* **Problem requirements**
Each line below must be set down exactly; omit any image you find.
=== Begin Enclosure ===
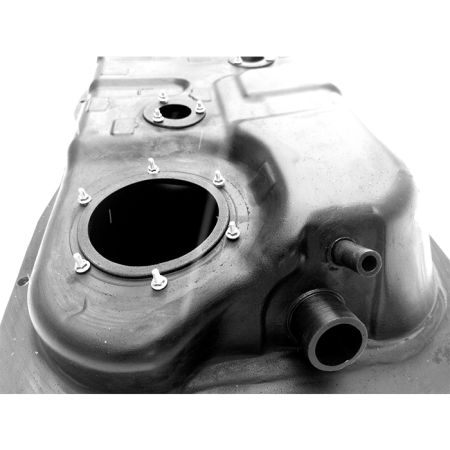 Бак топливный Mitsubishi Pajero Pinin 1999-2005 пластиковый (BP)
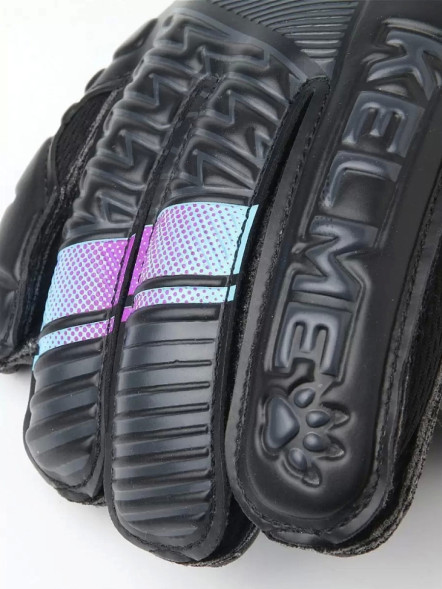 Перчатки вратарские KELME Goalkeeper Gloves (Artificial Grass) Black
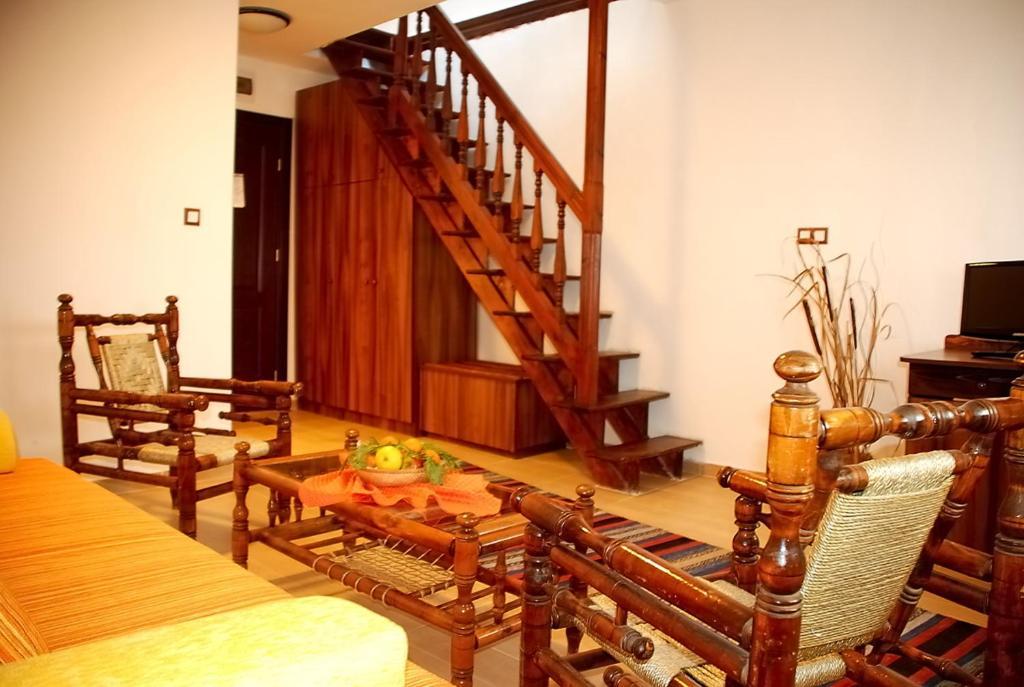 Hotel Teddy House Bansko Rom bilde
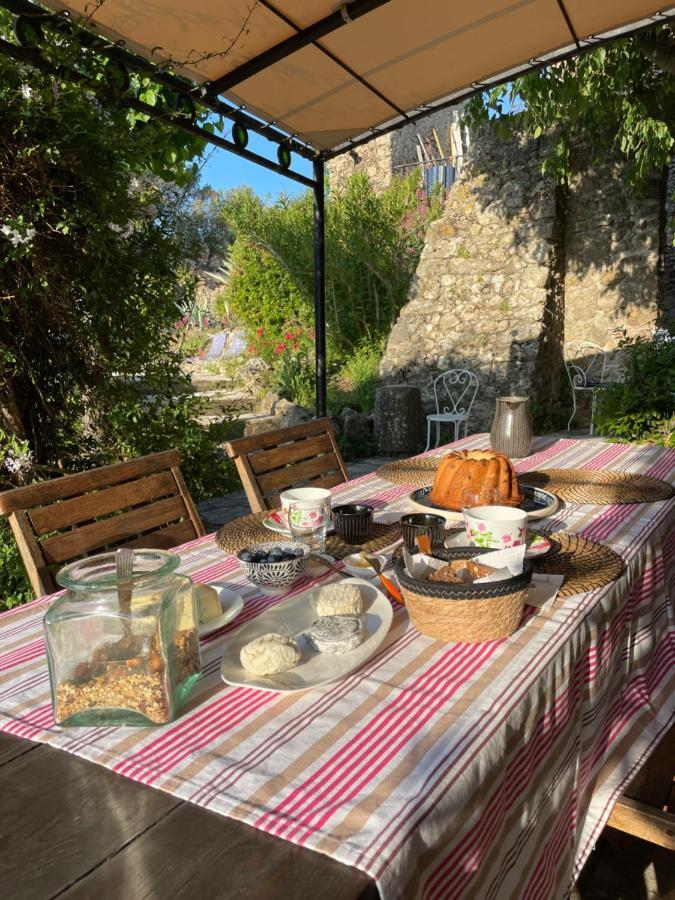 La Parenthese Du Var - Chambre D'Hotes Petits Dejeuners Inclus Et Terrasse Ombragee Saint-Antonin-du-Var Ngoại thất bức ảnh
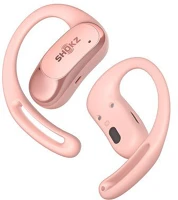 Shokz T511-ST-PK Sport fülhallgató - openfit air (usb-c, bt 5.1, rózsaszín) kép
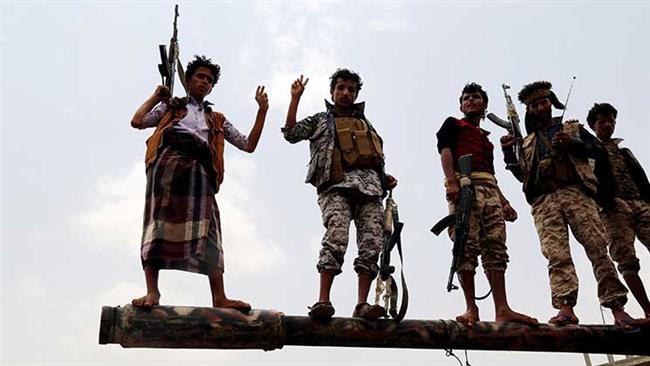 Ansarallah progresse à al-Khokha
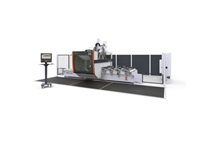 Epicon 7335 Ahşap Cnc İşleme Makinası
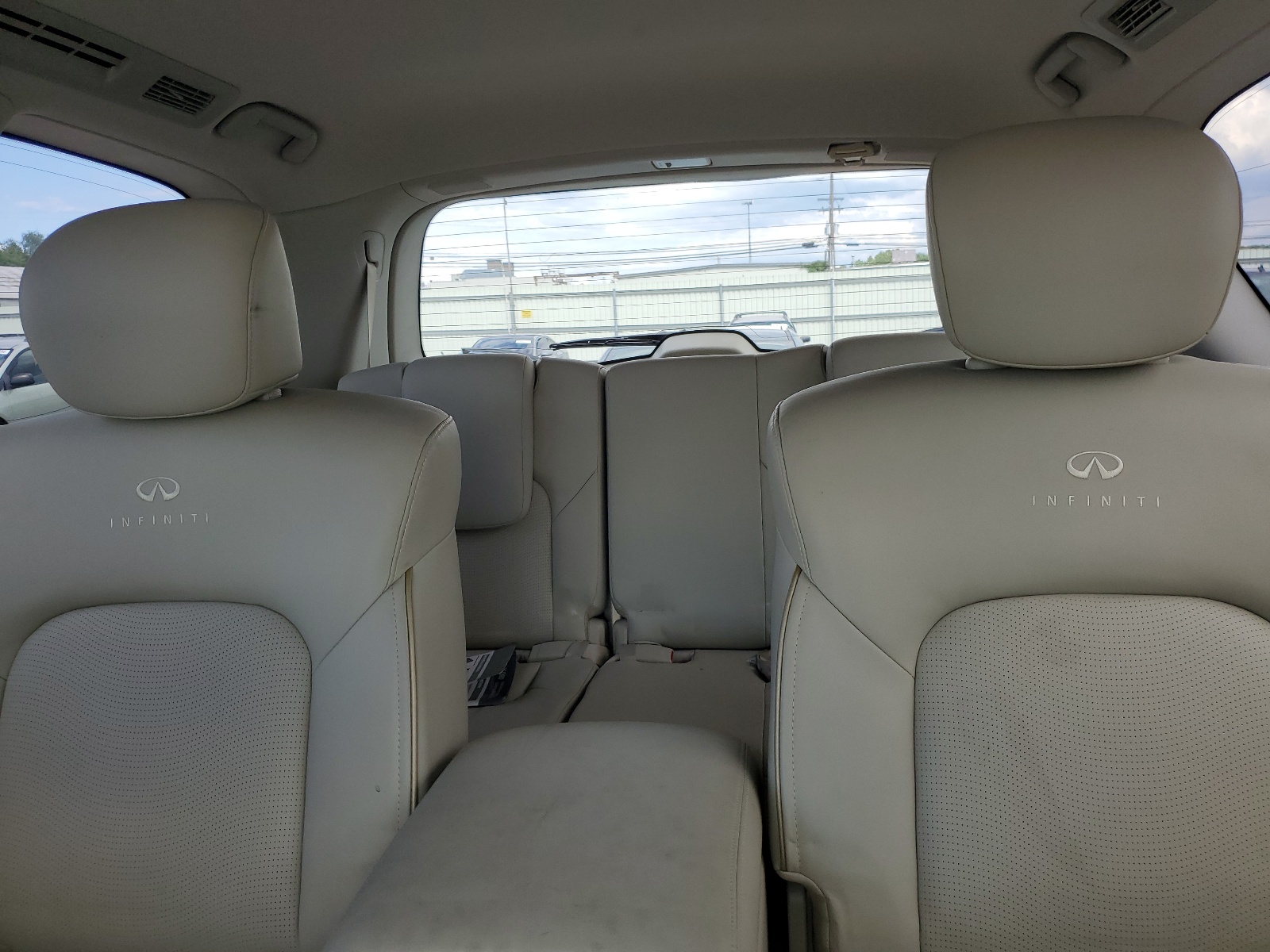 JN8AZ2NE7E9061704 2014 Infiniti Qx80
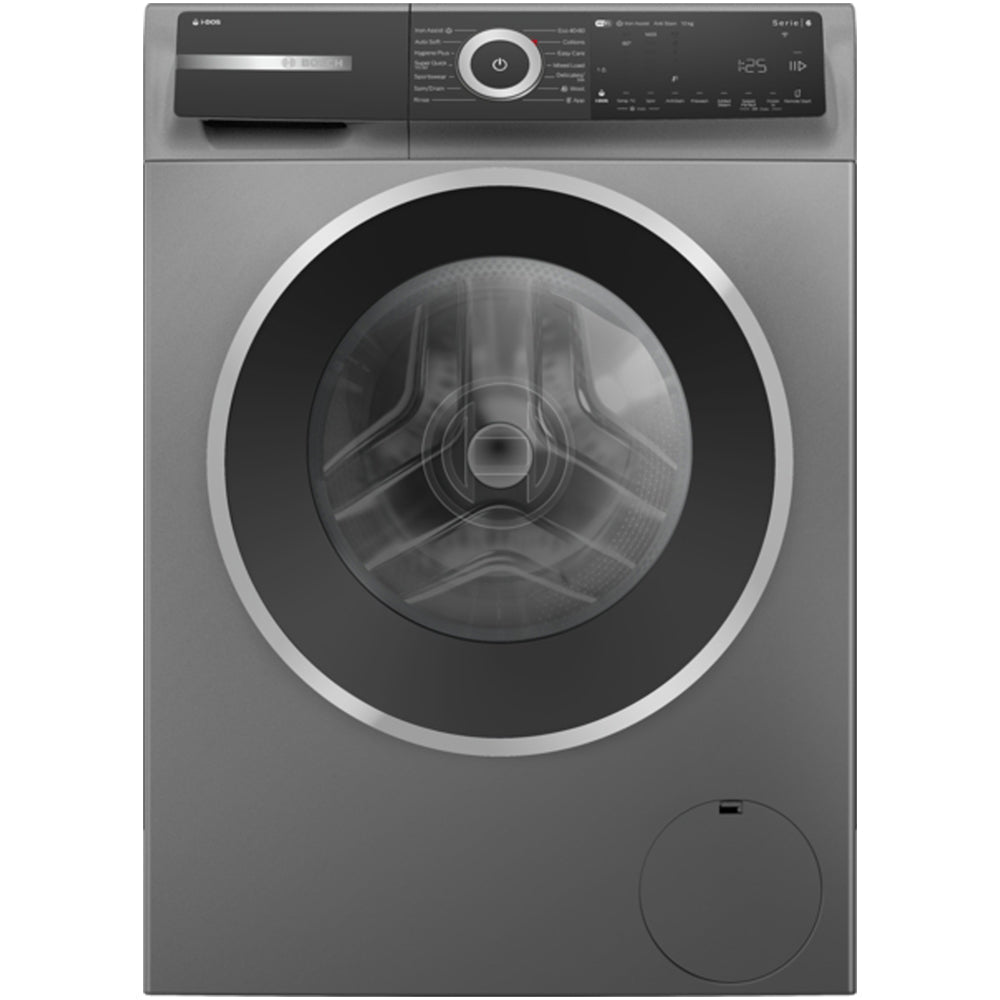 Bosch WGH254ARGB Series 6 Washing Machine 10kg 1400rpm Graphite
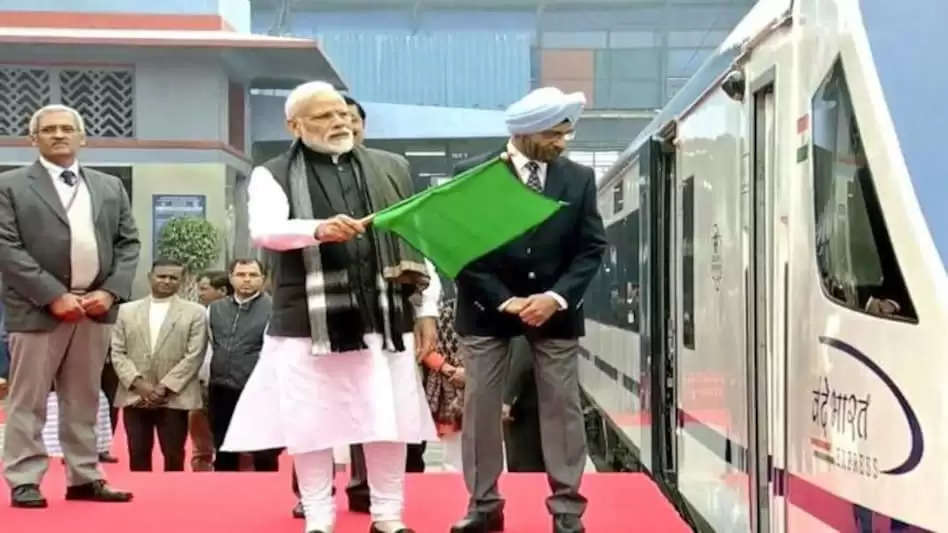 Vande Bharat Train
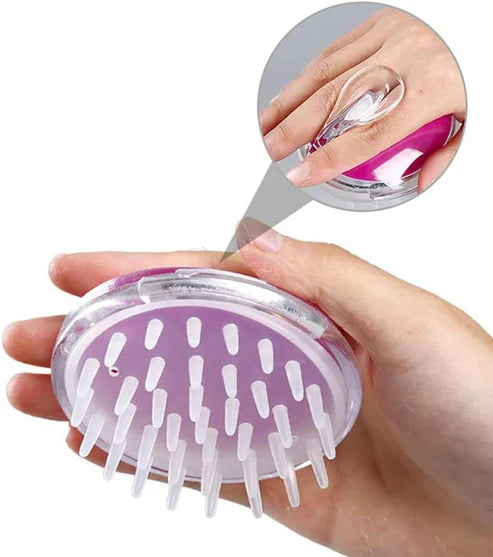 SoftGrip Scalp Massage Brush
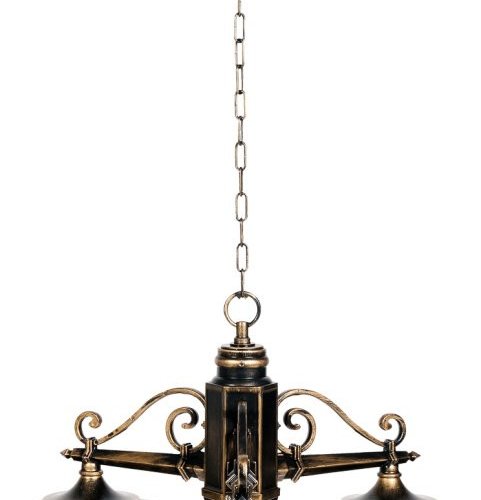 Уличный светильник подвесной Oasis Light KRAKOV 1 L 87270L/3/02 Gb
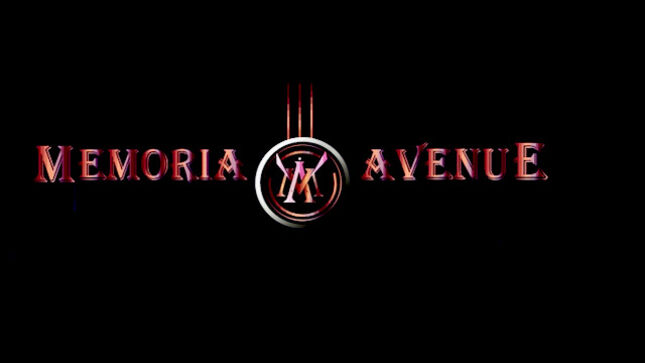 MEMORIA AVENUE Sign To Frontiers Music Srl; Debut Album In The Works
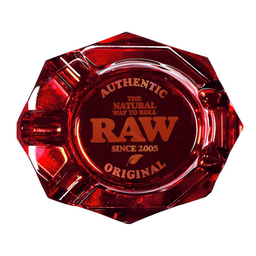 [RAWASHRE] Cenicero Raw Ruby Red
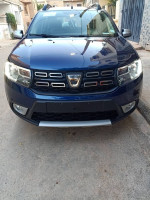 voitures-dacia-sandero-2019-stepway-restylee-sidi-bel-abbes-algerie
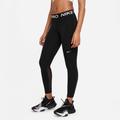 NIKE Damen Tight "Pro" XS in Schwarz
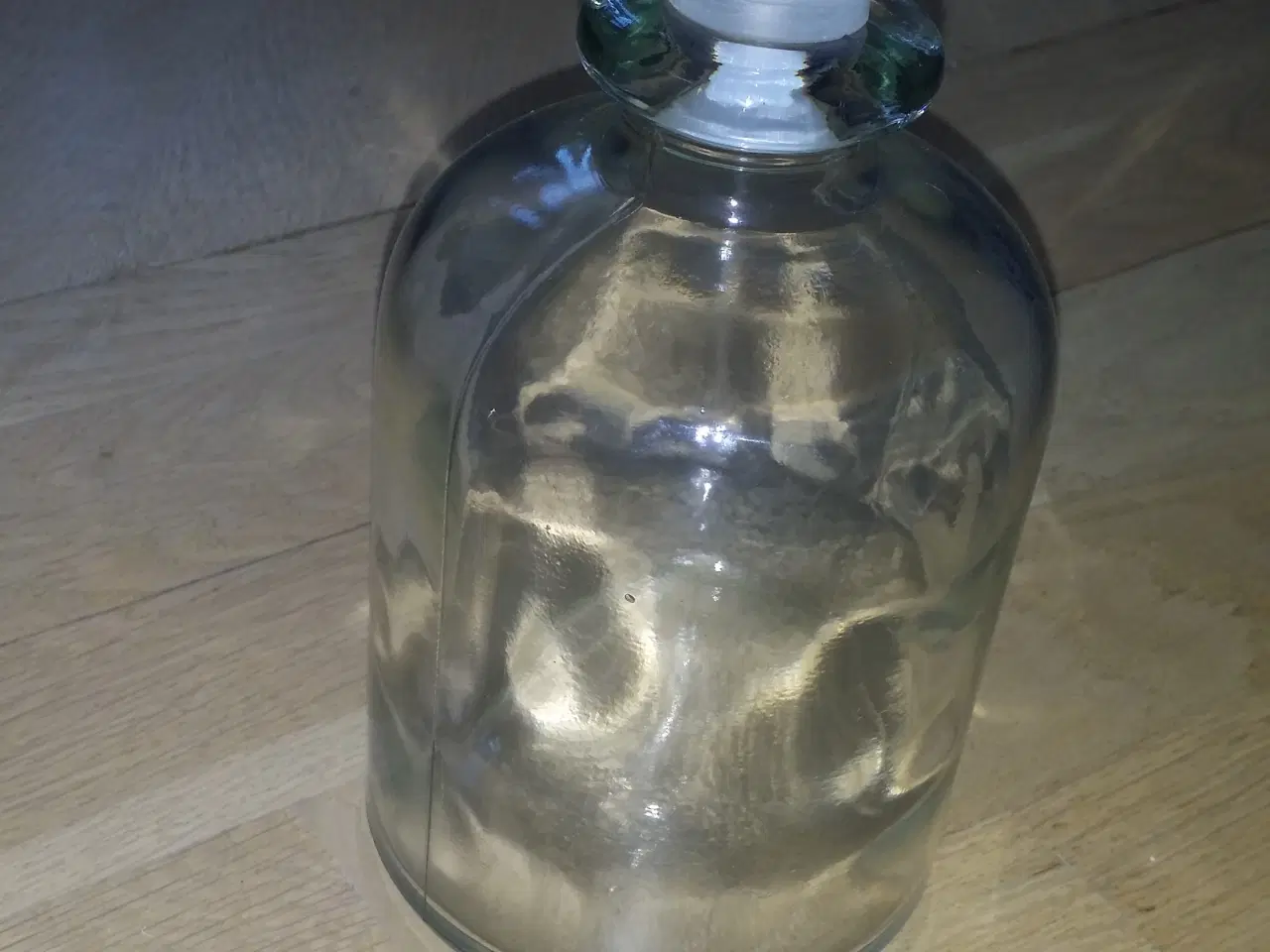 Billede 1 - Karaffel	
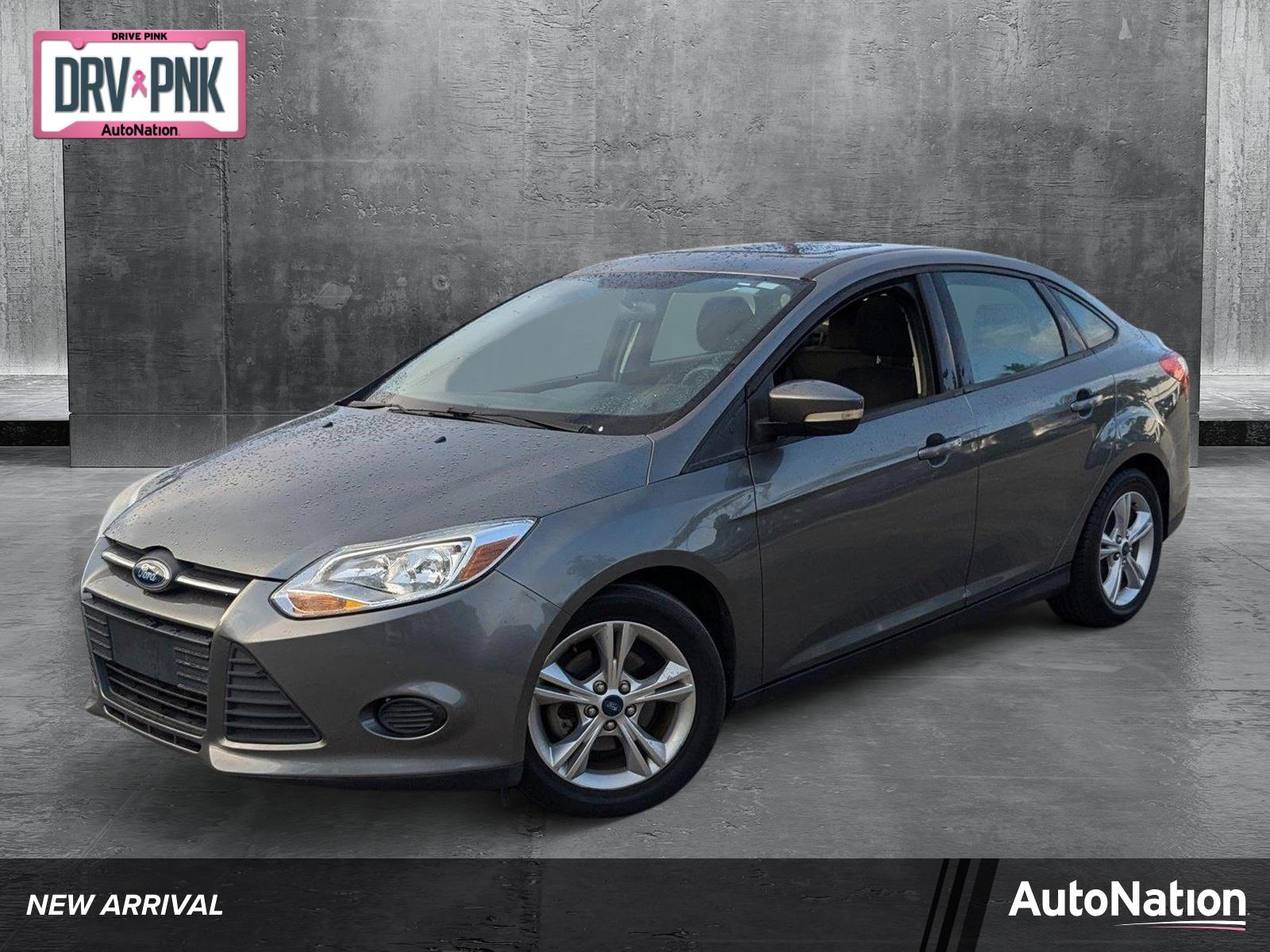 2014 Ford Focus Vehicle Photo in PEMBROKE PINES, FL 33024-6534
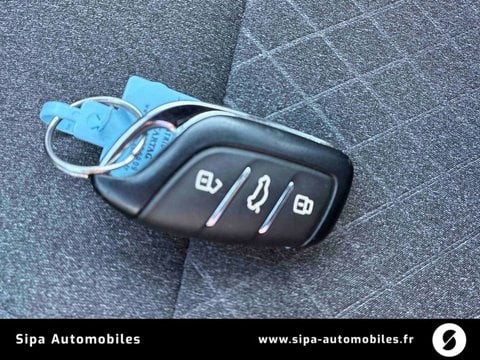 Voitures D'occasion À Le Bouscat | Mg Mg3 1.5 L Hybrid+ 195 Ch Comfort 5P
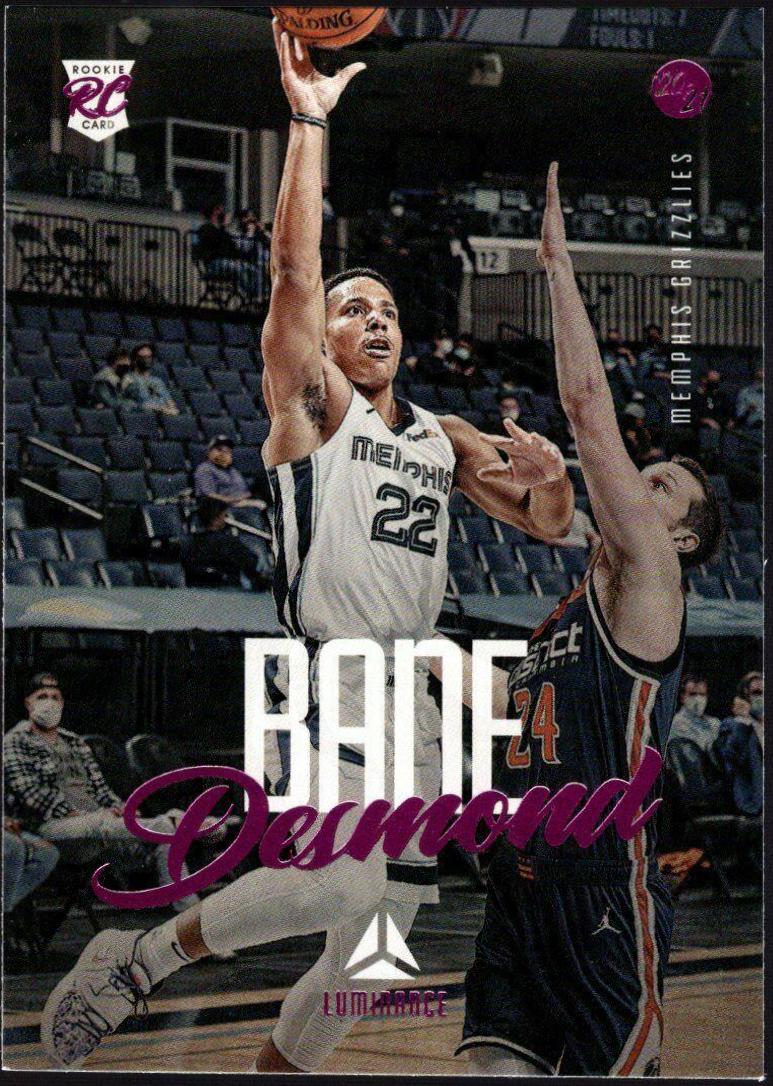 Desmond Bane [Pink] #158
=== End Enclosure ===
* **Task solution**
 Бак топливный Mitsubishi Pajero Pinin 1999-2005 пластиковый (BP)
 Перчатки вратарские KELME Goalkeeper Gloves (Artificial Grass) Black
 Hotel Teddy House Bansko Rom bilde
 La Parenthese Du Var - Chambre D'Hotes Petits Dejeuners Inclus Et Terrasse Ombragee Saint-Antonin-du-Var Ngoại thất bức ảnh
 Shokz T511-ST-PK Sport fülhallgató - openfit air (usb-c, bt 5.1, rózsaszín) kép
 Ansarallah progresse à al-Khokha
 Epicon 7335 Ahşap Cnc İşleme Makinası
 JN8AZ2NE7E9061704 2014 Infiniti Qx80
 Bosch WGH254ARGB Series 6 Washing Machine 10kg 1400rpm Graphite
 Vande Bharat Train
 SoftGrip Scalp Massage Brush
 Уличный светильник подвесной Oasis Light KRAKOV 1 L 87270L/3/02 Gb
 MEMORIA AVENUE Sign To Frontiers Music Srl; Debut Album In The Works
 [RAWASHRE] Cenicero Raw Ruby Red
 voitures-dacia-sandero-2019-stepway-restylee-sidi-bel-abbes-algerie
 NIKE Damen Tight "Pro" XS in Schwarz
 Billede 1 - Karaffel	
 2014 Ford Focus Vehicle Photo in PEMBROKE PINES, FL 33024-6534
 Voitures D'occasion À Le Bouscat | Mg Mg3 1.5 L Hybrid+ 195 Ch Comfort 5P
 Desmond Bane [Pink] #158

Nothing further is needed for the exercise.